When Emma runs away from her perfect life in London to return to the commune where she was brought up, she leaves behind a husband and a newborn daughter.
Emma is not even really her name. Named Rowan, after a tree in the commune, she was abandoned 30 years ago by her mother. Now, frightened by her maternal inadequacy and anger, she returns to the Ithaca Institute to seek her out. In Close Your Eyes, Ewan Morrison interrogates the disjunct between Rowan’s life today – the well-constructed life she flees – and the one she carries with her. The physical and emotional violence of childhood at Ithaca (attacked by local children, exposed to sex and vicious communal living rows) is pieced together as she explores what Ithaca has become.
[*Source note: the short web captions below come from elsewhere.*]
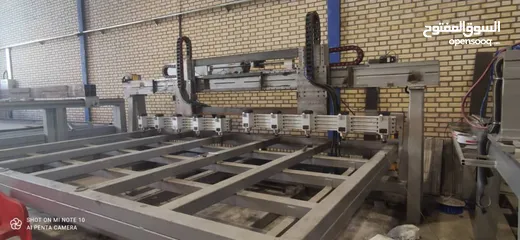  2 Manufacturing wood and stone CNC machines in different dimensions, simple and tool-changing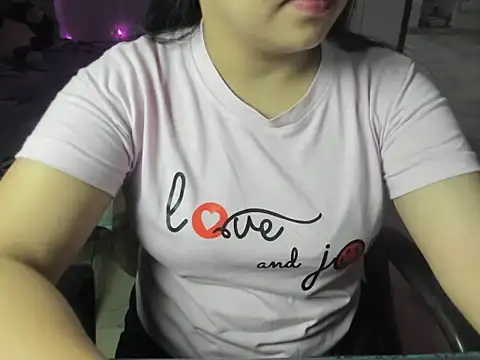 Divya68 online show from 11/15/25, 05:31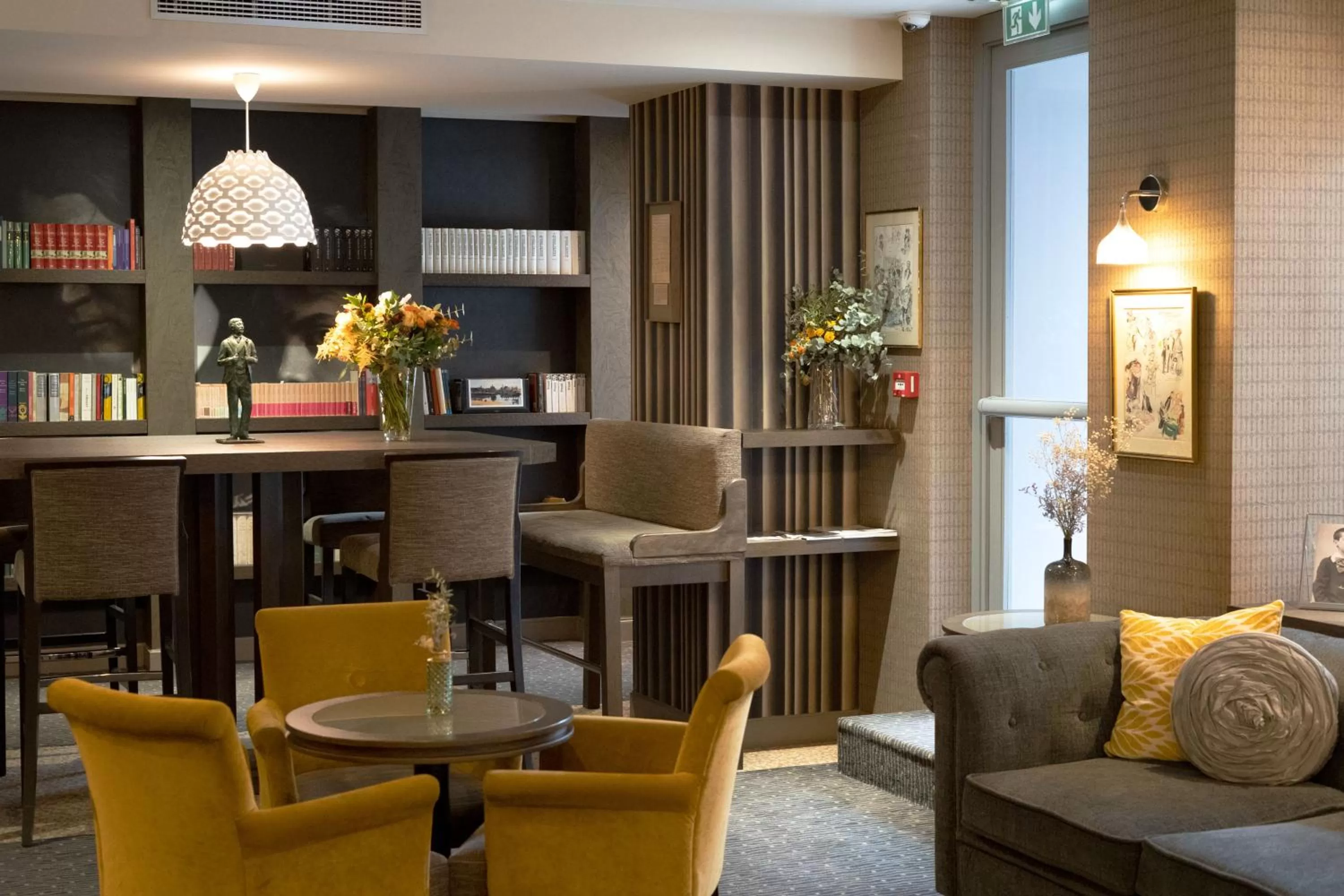 Lounge or bar in Hotel Litteraire Le Swann, BW Premier Collection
The physical nature of Rowan’s pain at abandoning her child is one of the most startling things about this book. Her aching milk-heavy breasts act as a constant reminder of this. In one graphic scene she relieves them, exhorting herself: ‘Don’t think of the picture, of this woman, late at night in some motorway services milking herself into a toilet.’ You have to look away. Often the sense of impending disaster makes you sick with nervous tension. At other times, Morrison creates calm from the most unlikely circumstances. In a book that is somewhere between Esther Freud’s Hideous Kinky and Jez Butterworth’s play Jerusalem, Morrison creates something both uncomfortable and beautiful to read.